My rule of thumb is: If I stumble after an introductory word, phrase, or clause and have to re-read to make sure I understood the sentence, then a comma is probably required (or the sentence needs rewriting), but if I don't stumble, then the comma is probably optional, even if traditional usage says it is required.
- The distinction between "which" and "that" in some clauses. Although
technically there is a significant difference, in most (but not all) cases
readers will not misinterpret the meaning of the sentence, and conventional
usage varies between US English and UK English: UK English uses "which"
in most situations.
- Some apostrophe use. For example, does the use of "user's guide," "users' guide," or even "users guide" or "user guide" lead to any confusion or ambiguity? I think not. (But do pick one variation and use it consistently.) Yes, there's a difference: "user's guide" means a manual for one user, whereas "users' guide" means a manual for multiple users. This is a clear grammatical distinction, but to the reader, it's irrelevant: in both cases, the title clearly communicates that the manual is intended to help them use the product. ("Users guide" is technically incorrect but perfectly clear, and "user guide" is common usage.)
Examples of usage and fake rules
Style and usage issues may be written into a style guide as "the way we do things here," to improve consistency in a company's publications, but editors and writers need to recognize them as choices, not rules of English grammar.
Another good reason to include some usage rules in your style guide is to clarify what's negotiable in your company and what's not negotiable.
- Punctuation order, for example whether commas and periods (full stops) go inside or outside a quotation mark. Conventions vary between US English and UK English.
- Many punctuation and capitalization rules for vertical lists. Several styles are in common use; pick one style and use it consistently.
- Whether "data" is a singular or plural noun. Usage varies; in computing, "data" is typically collective and singular; in mathematics, "data" is usually the plural of "datum." Choose the conventional usage for your audience.
- Many rules about the use of hyphens. Over-use of hyphens looks silly, and in some cases the use or misuse of a hyphen can lead to ambiguity, but in many cases hyphen use is a matter of style or convention, not grammar—and even when it is a matter of grammar, it may not matter. For example, the hyphen in "non-student" is technically incorrect, but emphasizes the idea of someone who is not a student, so it might be preferable to "nonstudent" in some circumstances.
- The rules against using split infinitives or ending a sentence in a preposition. You may have been taught these rules in school, but they are based on some decisions made by a few people a century or two ago and are irrelevant to modern communication.
- The rule against using "they/them/their" as a singular indefinite pronoun.

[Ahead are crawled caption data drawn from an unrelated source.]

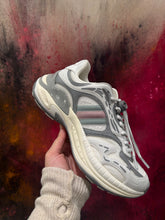 Gucci Shoes, White & Grey 2.0 Low-Top Sneakers (size 37.5)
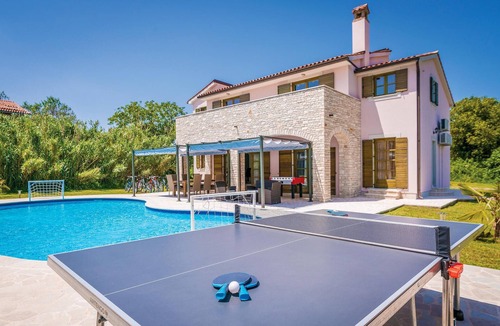 Valtura House | Stunning home in Valtura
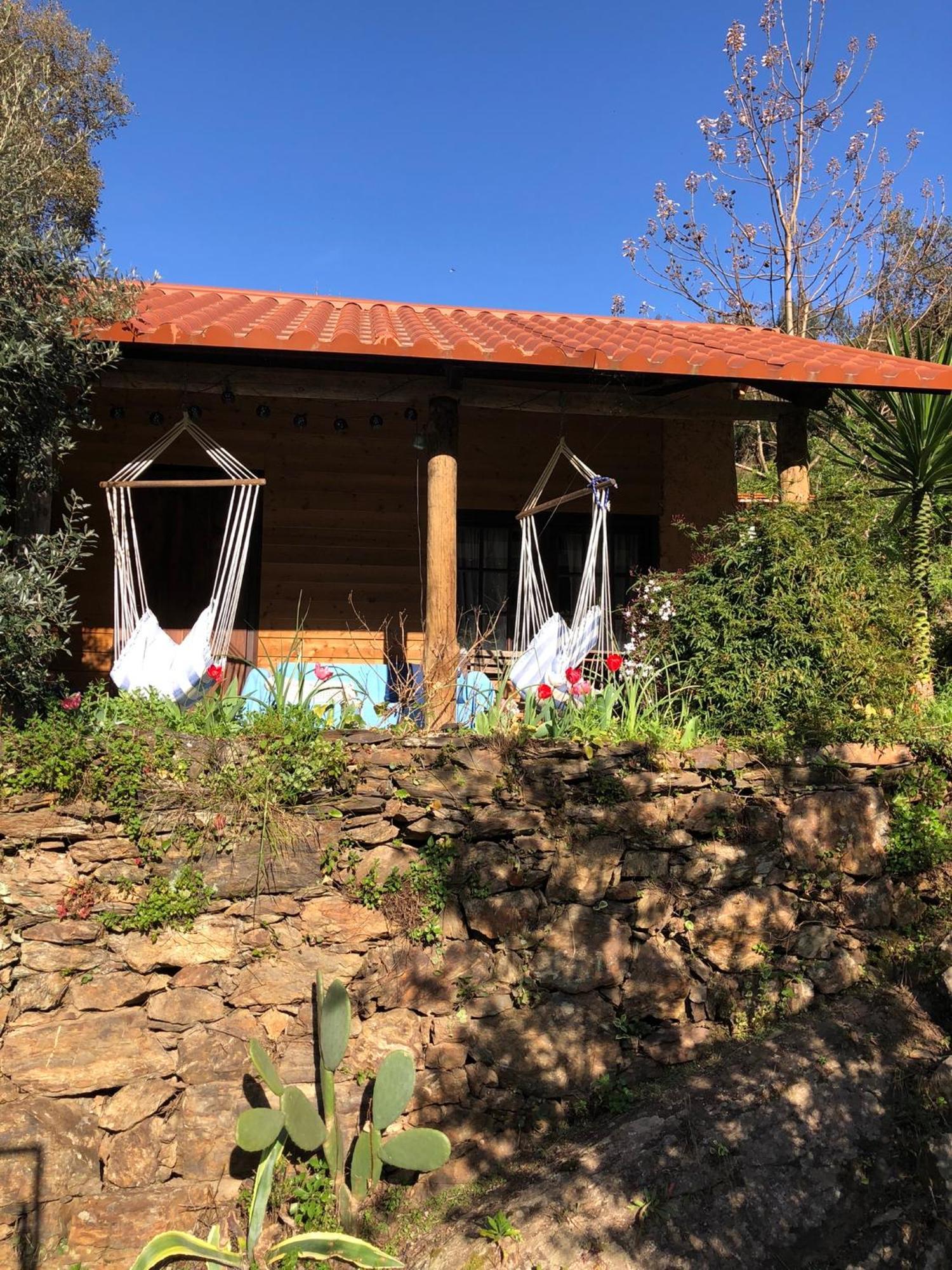 פיגרו דוס ויניוס Unique Tiny House With Natural Building Techniques מראה חיצוני תמונה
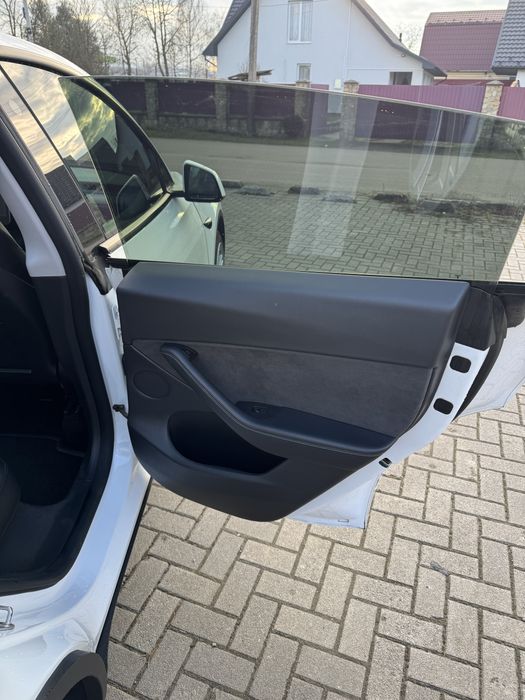 Tesla Model Y Long Range Dual Motor 82 кВт 2021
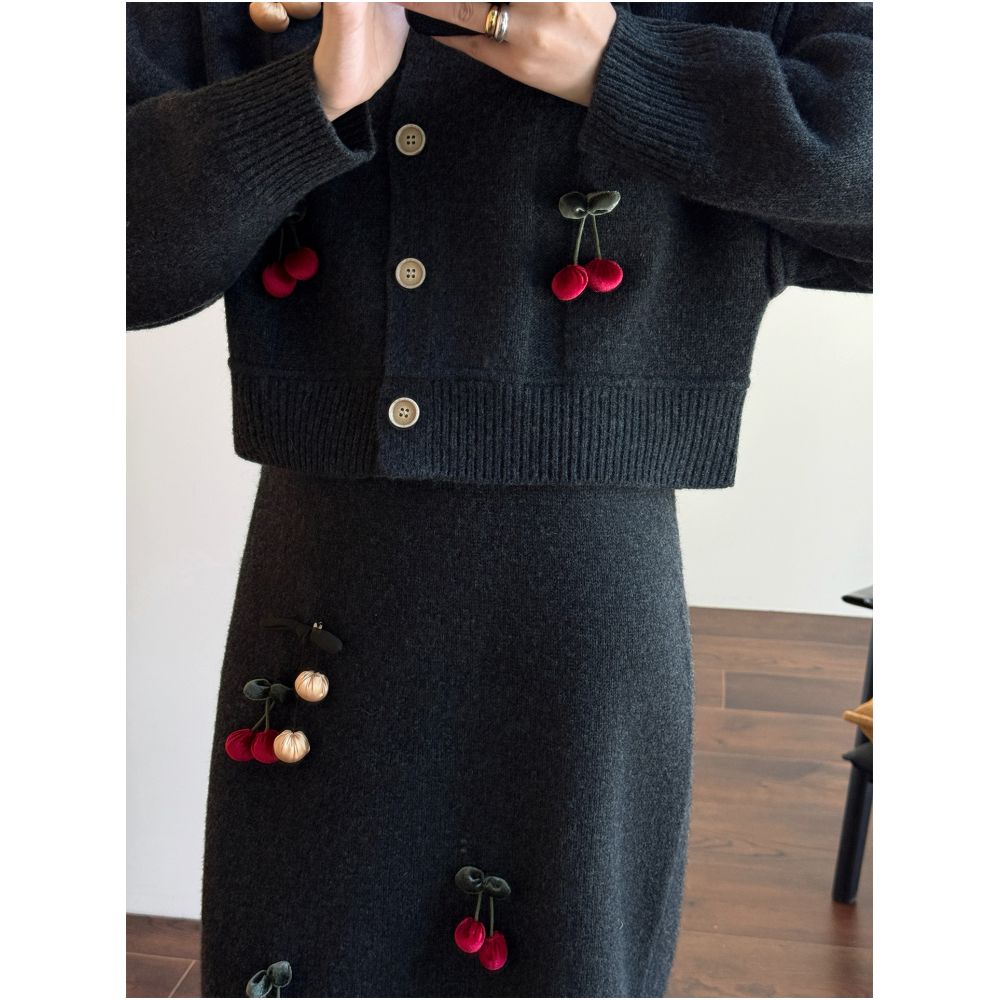 Wanger special Gray Grey 100 wool round neck long sleeved knitted cardigan high waisted long skirt two piece set image 2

In fact, the singular "they" has a long history as being acceptable in English.
Copyediting is important, but it is only part of an editor's job.
Distinguish between grammar, punctuation, and usage rules that are essential for clear, unambiguous communication, and those that are not essential or even irrelevant.
Recognize that many things we were taught to consider as "rules" are actually style choices or conventions of usage, and that deviations are not necessarily "wrong" but rather "not the way we do it here."
To improve consistency in a company's publications, put some grammar and punctuation style choices into the style guide.